Now, the Grammy award-winning artist is speaking to our souls and experiences once again by sharing her experience with an illness that can uniquely impact Black women called polycystic ovary syndrome or PCOS. Keep scrolling to learn a little about PCOS and what the artist shared.

Victoria Monét’s story inspires many, raising awareness of the impact of PCOS on Black women.

Posting a Coachella stage photo of herself on her Instagram stories, Victoria told fans and followers how the syndrome has changed or can change her body. The image, reportedly posted on April 23, shows the “On My Mama” singer in the middle of a dance move with her back to the camera and her silhouette in the frame.

“Welp.. I gained a lot of weight and it went a lot of places lol face, arms, tummy and most effectively… datassss,” she wrote on top of her photo in white text.
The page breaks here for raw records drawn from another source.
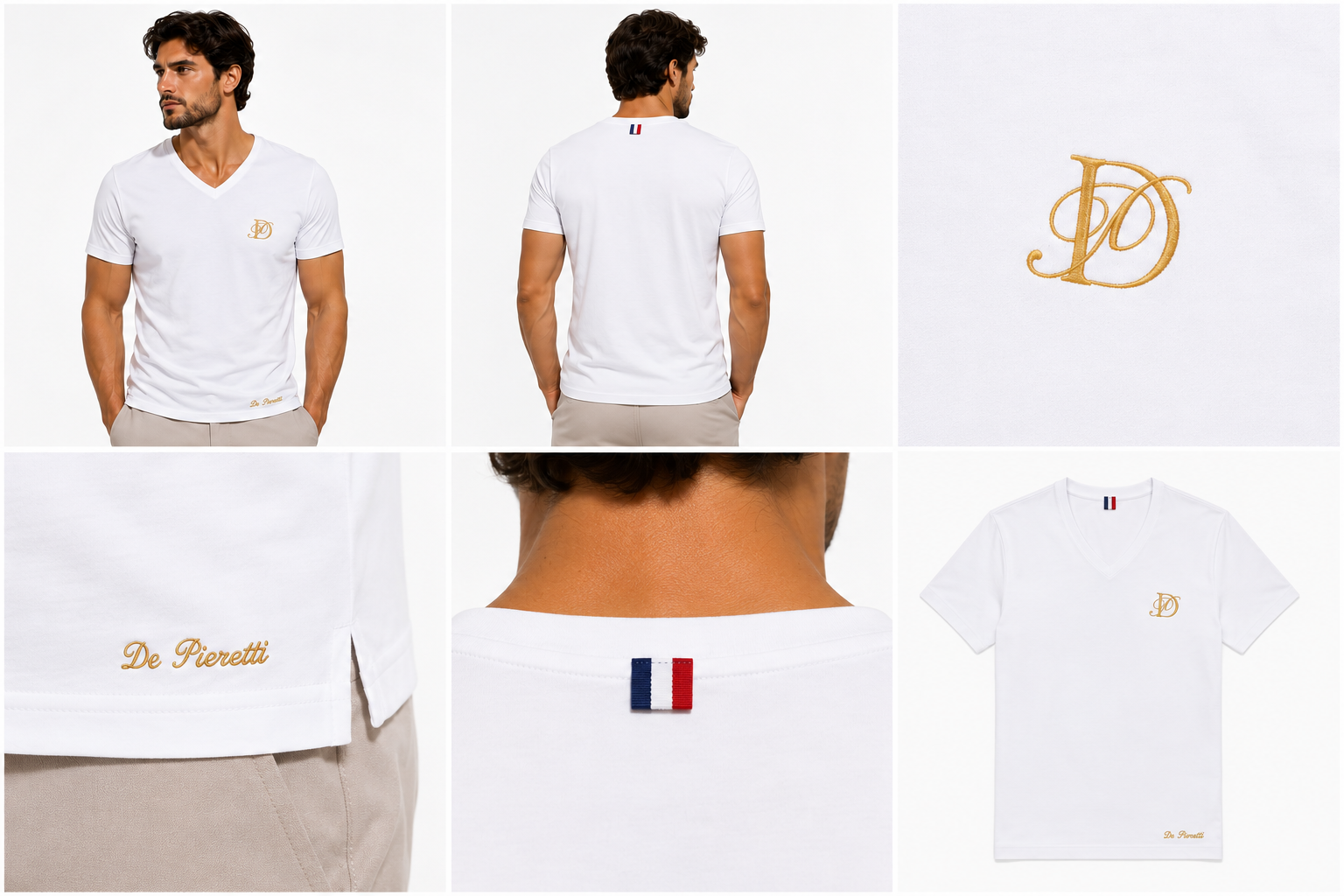 T-shirt Col V Blanc Homme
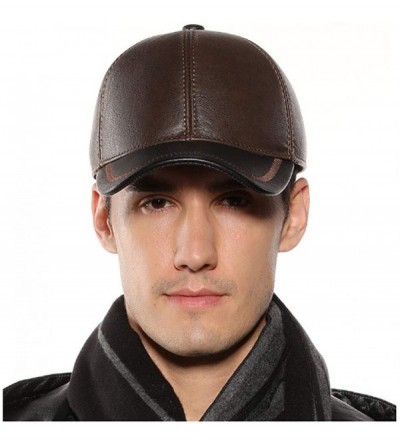 Newsboy Caps Men's Winter Warm Leather Peaked Baseball Cap Driving Hat with Earmuffs - Brown - CK18XNULM4U $14.41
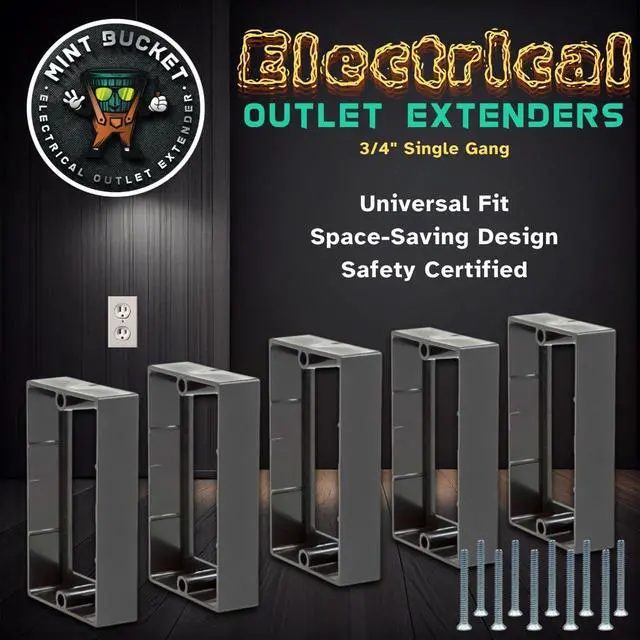 Alt view image 2 of 7 - 3/4" Single Gang Receptacle Outlet Box Extenders UL Listed, Screws (6-32 x 1.25), Electrical Outlet Extender for Electrical Box & Electrical Outlet Switches, Black/Gray (Pack of 5)
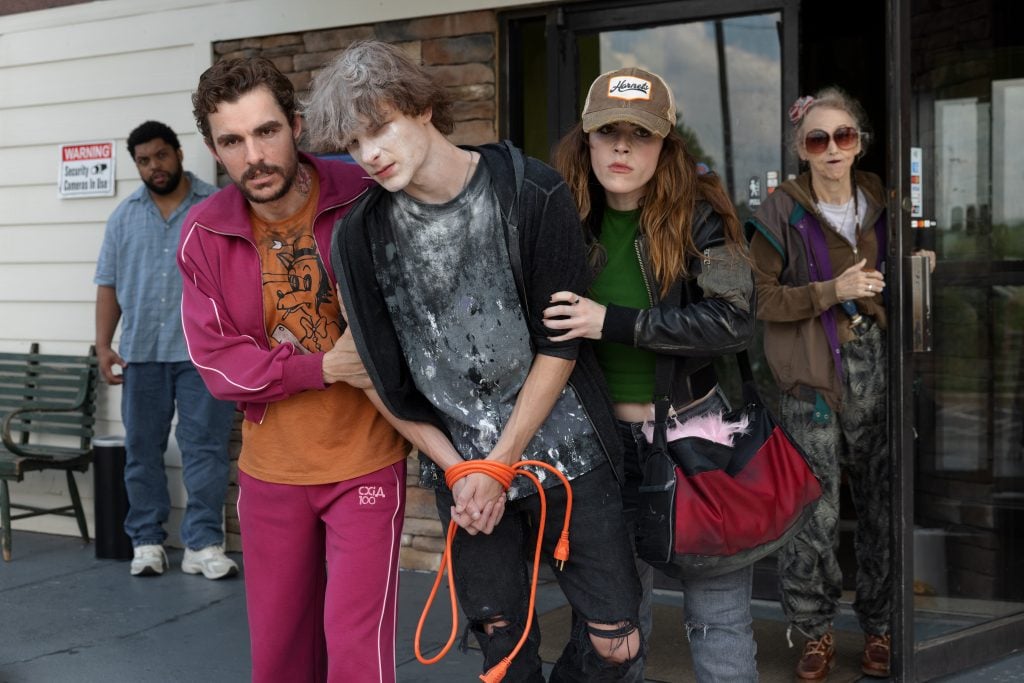 O’Shea Jackson Jr., Dave Franco, Mason Thames, and Kiernan Shipka in Macon Blair’s IDIOTS. Courtesy of Independent Film Company. An Independent Film Company Release.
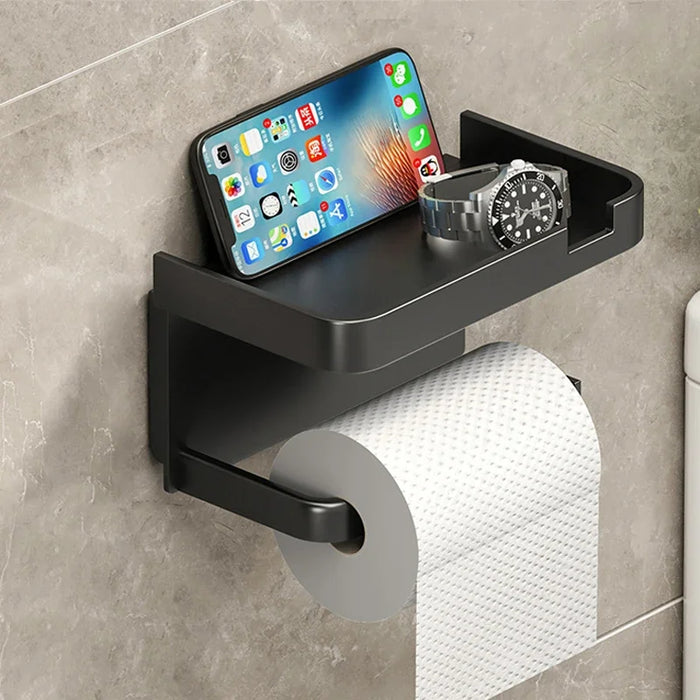 EleganceVista Luxe Toilet Roll Holder & Shelf Combo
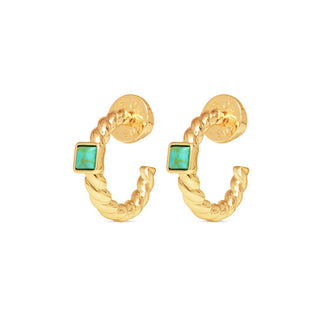 Talis Chains Everyday Twist Hoops Turquoise - MMJs Fashion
She continued, I usually am so critical and frustrated by it because PCOS has me really messed up, but optimistically at least now there’s two moons on the stage.” She added a crying face emoji at the end of her text (and we all felt the sentiment).

Since sharing her story, fans and PCOS sisters have posted on various platforms thanking Victoria for raising awareness. Many have commented on the importance of “not feeling alone” and shared their experiences. Others applaud the mother of one for being open and vulnerable.
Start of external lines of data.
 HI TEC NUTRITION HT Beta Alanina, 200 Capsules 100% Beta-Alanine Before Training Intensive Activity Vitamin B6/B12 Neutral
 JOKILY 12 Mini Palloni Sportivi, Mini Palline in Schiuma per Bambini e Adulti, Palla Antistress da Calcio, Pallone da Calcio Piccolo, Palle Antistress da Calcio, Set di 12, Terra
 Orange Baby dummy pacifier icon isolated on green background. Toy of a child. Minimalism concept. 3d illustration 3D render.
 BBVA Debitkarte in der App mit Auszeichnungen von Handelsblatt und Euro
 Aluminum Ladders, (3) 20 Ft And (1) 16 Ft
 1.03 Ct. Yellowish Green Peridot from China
RELATED: Why KeKe Palmer’s Transparency On Her PCOS Journey Is So Important

What do we know about Black women and PCOS?

With her declaration, Victoria joins a list of other Black women celebrities and advocates who have used their voices to talk about PCOS. Big Boss Keke Palmer, who recently announced a new project dropping in November 2024, is another.

PCOS is a “condition in which the ovaries produce an abnormal amount of androgens, male sex hormones that are usually present in women in small amounts.” This condition can translate into reproductive issues and challenges for women and infertility.
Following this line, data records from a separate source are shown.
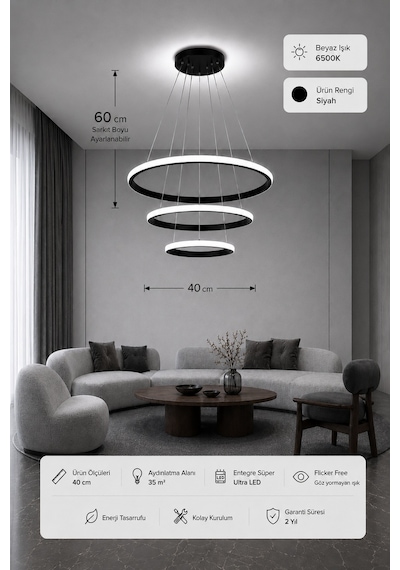 Rizon 3 Lü Led Sarkıt Avize Beyaz Işık Siyah
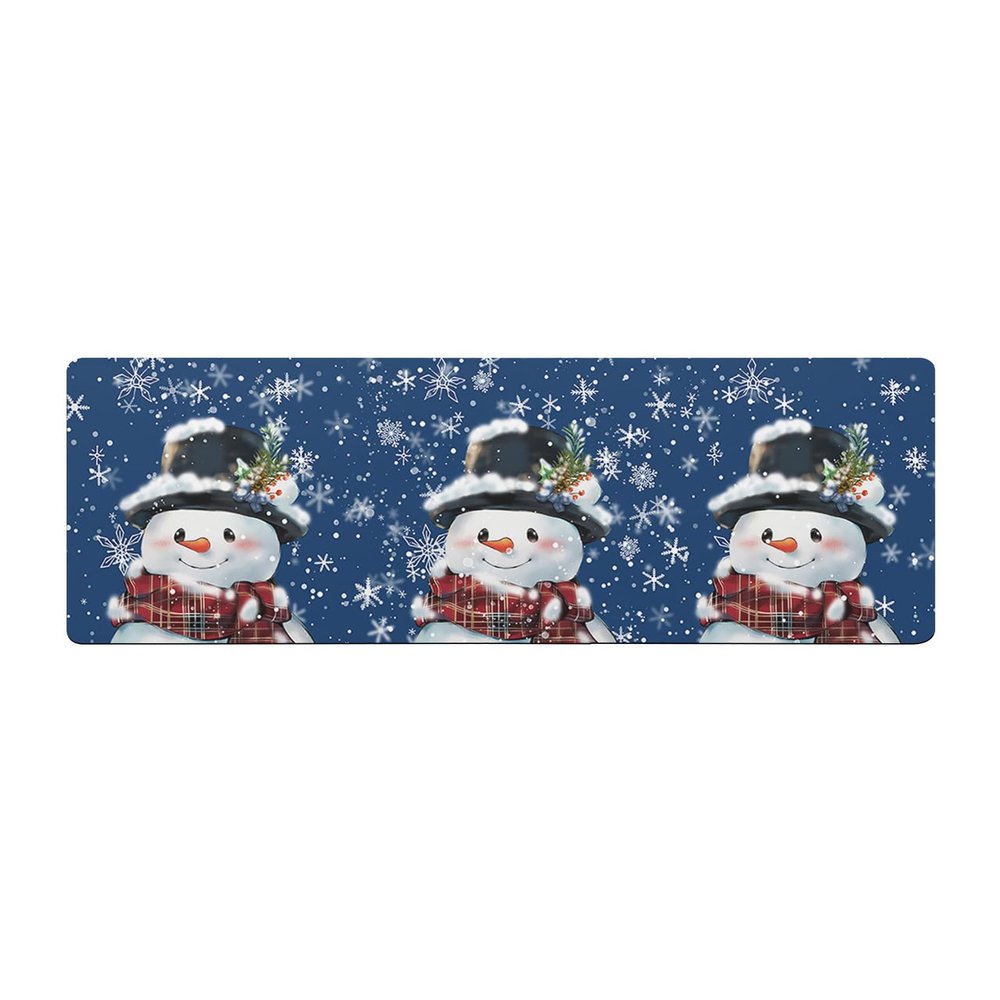 Christmas Bath Mat for Tub,Non Slip Bathroom Floor Runner Rug Quick Dry & Absorbent Diatomaceous Earth Shower Sink Kitchen Washable Doormat,Winter Blue Snowman Snowflake Pine Berry Plaid 24"x71"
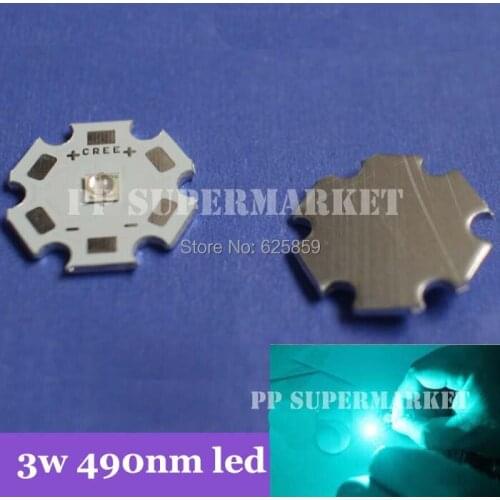 10pcs/lot Cyan 3W 3535 High power led 490-495nm Led on 20mm Star Board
Studies show 6% to 12% of women of reproductive age nationwide have been diagnosed with PCOS. And Capital B News also reports that PCOS may be underdiagnosed within the Black community.

While PCOS impacts women of all races, Black Women’s Health Imperative research shows it can uniquely impact Black women. Notable impacts include excess hair growth, a higher risk of heart disease, and infertility. Weight gain and other physical changes, as Victoria noted, are other common symptoms.

HB applauds Victoria, Keke, and numerous other Black women raising awareness about PCOS. Having conversations, talking to health care providers, and venting, if needed, is how we can all thrive and learn about the condition.